7 janvier 2023, le temps est gris, aucun dôme. Glace « plate » et fracturée couvrant une partie de la rivière des Outaouais, en amont du pont Alexandra. La glace apparaît d'épaisseur uniforme, ce qui se vérifie à la photo suivante. (Visée vers le SE, vers le Parlement d'Ottawa.)
Le courant entraîne la rupture de la plaque de glace par des fractures perpendiculaires à sa direction vers l'E. Il s'agit de glace blanche, formée par accumulation de neige. La « vraie » glace, la glace noire formée par le gel de l'eau de la rivière, est invisible.
11 février 2023. Le temps est ensoleillé. Un dôme de glace s'est formé puis s'est effondré. Le plafond se retrouve à plat sous les rebords soulevés, devenant un plancher...,
... et les failles concentriques marquent son contour.

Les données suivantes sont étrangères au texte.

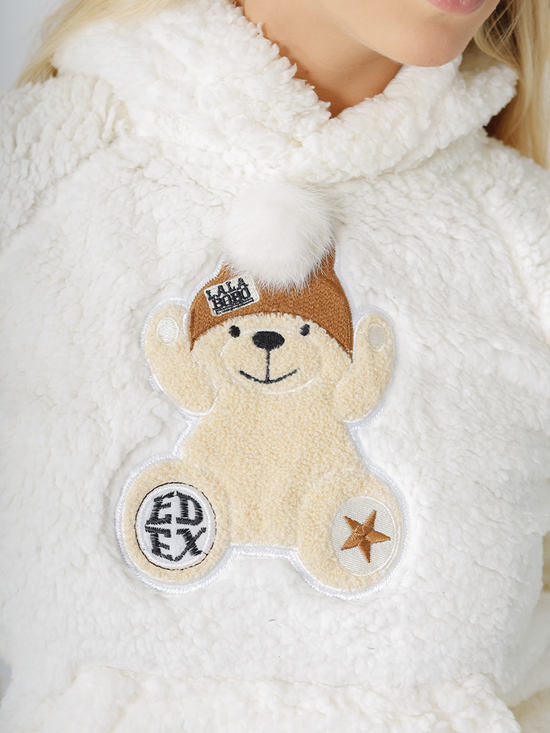 Blusão Feminino Sherpa Teddy Orelhinhas (Off White)
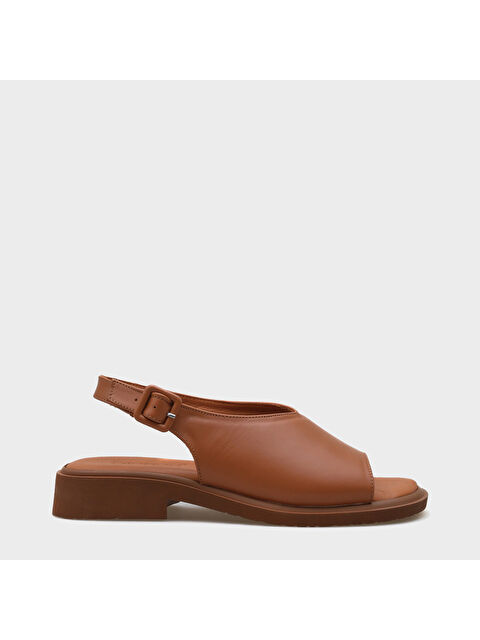 Capone Outfitters Cora Hakiki Deri Kısa Topuklu Konfor Tek Bantlı Kadın Sandalet - S000448923-14955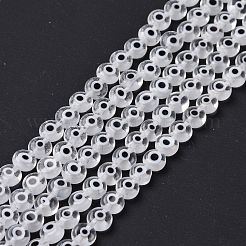 手作りランプワークビーズ  ナザールボンジュウ付きフラットラウンド  透明  4.5x2.5mm  穴：0.6mm  約90~100個/連  15.35''~15.75''（39~40センチメートル）&nbsp;LAMP-P056-01C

Les fragments, sitôt individualisés, tendent à s'éloigner : le soulèvement du dôme ne peut s'expliquer par un mouvement de compression. Les grabens indiquent un mouvement d'éloignement des fragments. Les cassures révèlent l'état de la neige plus ou moins consolidée.
Glace « platement plate et normale » en aval du dôme de 2016. La neige superficielle non consolidée a fondu, révélant la glace résistante. Les morceaux ne s'éloignent pas malgré les fractures et demeurent au même niveau. Pas de décalage ou de soulèvement. Tout est normal. Photo 14 avril 2016, visée vers le SO.
Dôme de glace en mars 2016. La ligne rouge permet d'évaluer le soulèvement vertical. L'explication facile, chevauchement ou accumulation de plaques de glace poussées par le courant, ne tient pas. Au contraire, les grabens qui s'ouvrent entre les cassures et la dérive des fragments vers l'aval sont le signe d'un mouvement d'ouverture et d'expansion et non de compression. Comme tout est plat sur la rivière hors du dôme ! Photo 12 mars 2016, visée vers le SE depuis la rive gatinoise, sous le tablier du pont Alexandra (visible à gauche) ; le Parlement, de l'autre côté de la rivière.
Topographie du lit de la rivière des Outaouais entre Hull (Gatineau), au Québec, et Ottawa, en Ontario.
Le pont Alexandra est en haut, à droite ; j'ai mis en rouge les zones profondes (11 m) au-dessus desquelles le dôme semble s'édifier de façon préférentielle : la zone fermée sud pour les années 2016 et 2018, la zone nord, près du pont, en 2023. Notez qu'il existe d'autres zones aussi ou plus profondes (23,2 m en aval du pont) sans qu'elles n'exercent aucune influence perceptible.
Source : Service hydrographique du Canada, ministère des Pêches et des Océans, Rivière des Outaouais : Papineauville à Ottawa, Québec-Ontario, carte marine no 1515, 1/20 000, 1998, corrigée 2005-12-02 (détail).